“To Miss Emily Findon, B.A.”

Equally to the point is another note, of which the recipient says: “The whole tone was so strong and so strengthening, so different from the many letters of kind, but more or less worrying, sympathy received at the time”—

“Schlangenbad.

“My dear A——,

“I am very sorry to hear that you and X—— have failed to get through the ‘Intermediate.’ I send you my love and sympathy. Do not fret. You will succeed later on, when, as I hope, you will try again; and your knowledge will be all the firmer for having to work longer.

“You will, no doubt, carry out the proposed plan, viz. go to Cambridge for a year, and leave the degree till after? You will have a very happy time at Cambridge, I know.

“Have you heard how Y—— is getting on in Sweden? How well I remember my delightful holiday there.”

And with an account of life at a German spa, and messages to other members of the family, the letter ends, hopeful and cheery.
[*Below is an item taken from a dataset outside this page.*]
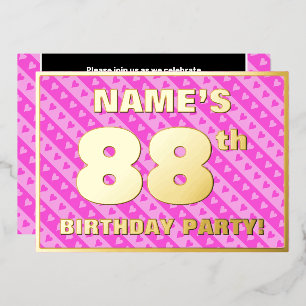 88th Birthday Party — Fun Pink Hearts and Stripes Foil Invitation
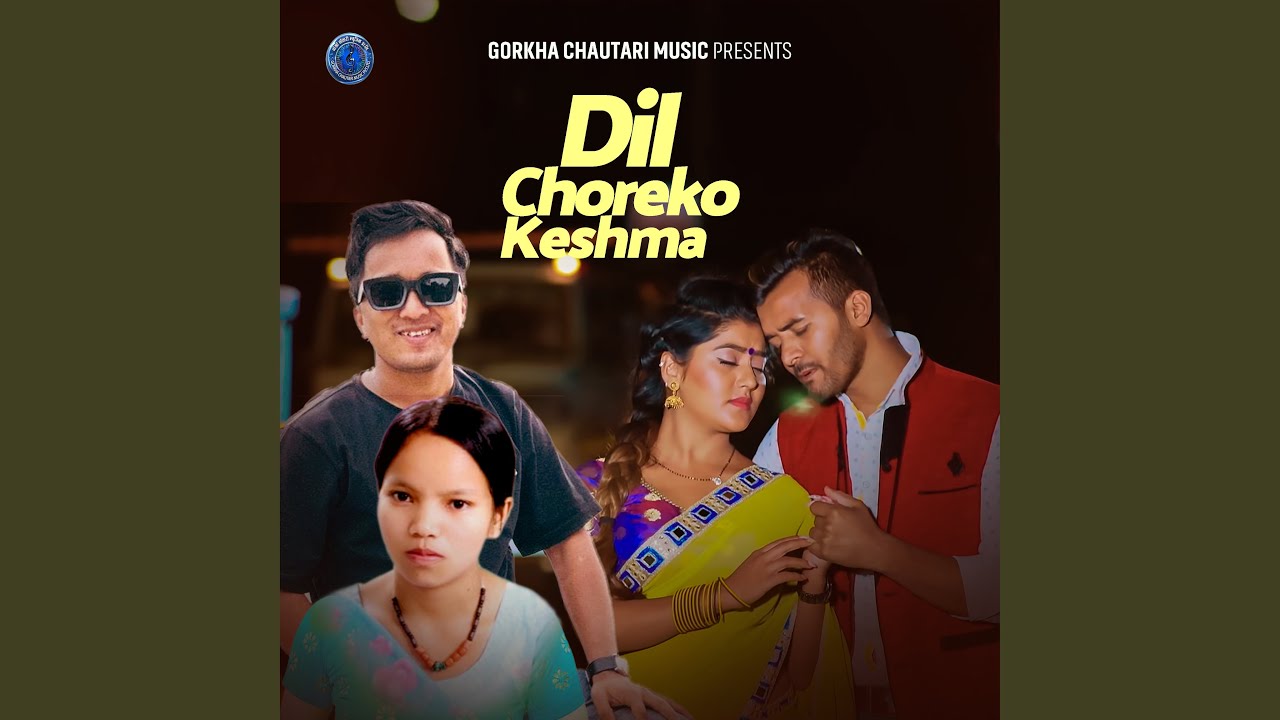 Dil Choreko Keshma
It was always delightful to watch Miss Buss with those of her former “children” who had expanded into the dignity of B.A., or B.Sc., and were entitled to wear the gown and “mortar-board” appertaining to this new rank. No mother ever took more interest in her girls’ first party frock or presentation robes than did Miss Buss in those early days in the then quite novel attire of her “girl-graduates.” Mrs. Bryant had not been a pupil in the school, but she was young enough to pass for one, and the sight of her gorgeous gold-and-scarlet doctor’s gown was a supreme joy to her older friend, to whom no such distinction had been possible in her own young days. There was never a touch of envy or of selfish regret in this sympathy with the winners of the honours for which she herself had longed in vain—no, not in vain, since that longing had helped to open the way to those who had since outstripped her in the race. Miss Toplis, in her sketch of Miss Buss, in the Educational Review, calls attention to—

“two characteristics which may perhaps be known only to those in daily contact with her. One was that jealousy and selfishness were impossible to her nature; the other, her power of living in the lives of others. The success or distinction of friend or colleague was one of her greatest pleasures. No one could share such pleasures as Miss Buss did, and the loss of her ever-ready sympathy in joy or sorrow is one of the realities we cannot yet face.”